> [Given records]:
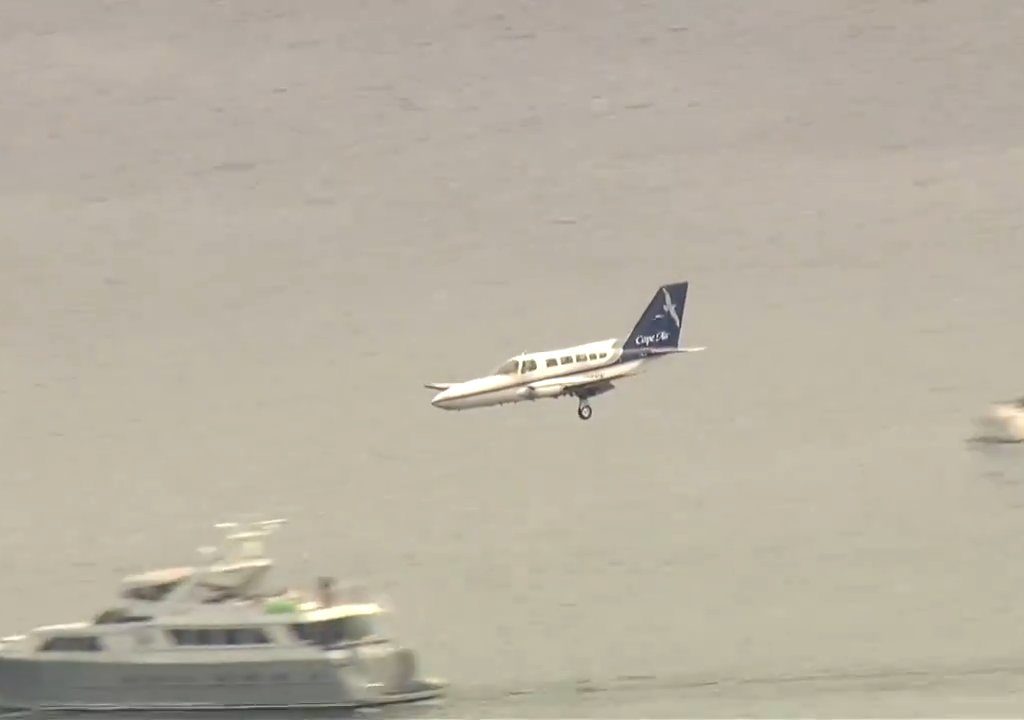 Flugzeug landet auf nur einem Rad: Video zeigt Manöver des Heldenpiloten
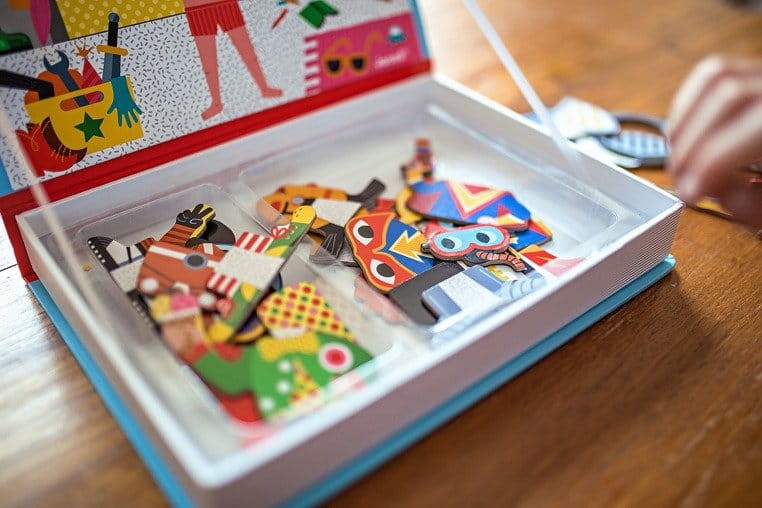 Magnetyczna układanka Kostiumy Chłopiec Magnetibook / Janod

--

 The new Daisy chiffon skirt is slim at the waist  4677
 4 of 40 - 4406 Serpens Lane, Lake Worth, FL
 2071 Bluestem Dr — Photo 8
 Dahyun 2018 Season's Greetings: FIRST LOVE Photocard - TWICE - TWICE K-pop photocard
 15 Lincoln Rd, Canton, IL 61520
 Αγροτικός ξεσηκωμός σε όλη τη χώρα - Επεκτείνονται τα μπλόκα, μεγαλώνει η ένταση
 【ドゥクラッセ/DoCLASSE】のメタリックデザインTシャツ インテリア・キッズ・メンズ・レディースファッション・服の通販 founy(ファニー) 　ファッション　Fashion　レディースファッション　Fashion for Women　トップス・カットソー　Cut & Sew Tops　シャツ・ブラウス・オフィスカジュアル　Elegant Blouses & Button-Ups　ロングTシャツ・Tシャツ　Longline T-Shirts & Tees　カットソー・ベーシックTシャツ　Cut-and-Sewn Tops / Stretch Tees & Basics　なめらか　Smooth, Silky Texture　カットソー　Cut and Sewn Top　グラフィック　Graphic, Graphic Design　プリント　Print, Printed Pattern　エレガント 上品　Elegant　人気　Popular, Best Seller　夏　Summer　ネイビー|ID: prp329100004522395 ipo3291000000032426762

> [Exercise aim]:
In the entries above, find the line holding "15 Lincoln Rd, Canton, IL 61520" and the line holding "founy(ファニー) 　ファッション　Fashion　レディースファッション　Fashion for"; print both of them and every line between, exactly, and nothing else.

> [Solution to the exercise]:
 15 Lincoln Rd, Canton, IL 61520
 Αγροτικός ξεσηκωμός σε όλη τη χώρα - Επεκτείνονται τα μπλόκα, μεγαλώνει η ένταση
 【ドゥクラッセ/DoCLASSE】のメタリックデザインTシャツ インテリア・キッズ・メンズ・レディースファッション・服の通販 founy(ファニー) 　ファッション　Fashion　レディースファッション　Fashion for Women　トップス・カットソー　Cut & Sew Tops　シャツ・ブラウス・オフィスカジュアル　Elegant Blouses & Button-Ups　ロングTシャツ・Tシャツ　Longline T-Shirts & Tees　カットソー・ベーシックTシャツ　Cut-and-Sewn Tops / Stretch Tees & Basics　なめらか　Smooth, Silky Texture　カットソー　Cut and Sewn Top　グラフィック　Graphic, Graphic Design　プリント　Print, Printed Pattern　エレガント 上品　Elegant　人気　Popular, Best Seller　夏　Summer　ネイビー|ID: prp329100004522395 ipo3291000000032426762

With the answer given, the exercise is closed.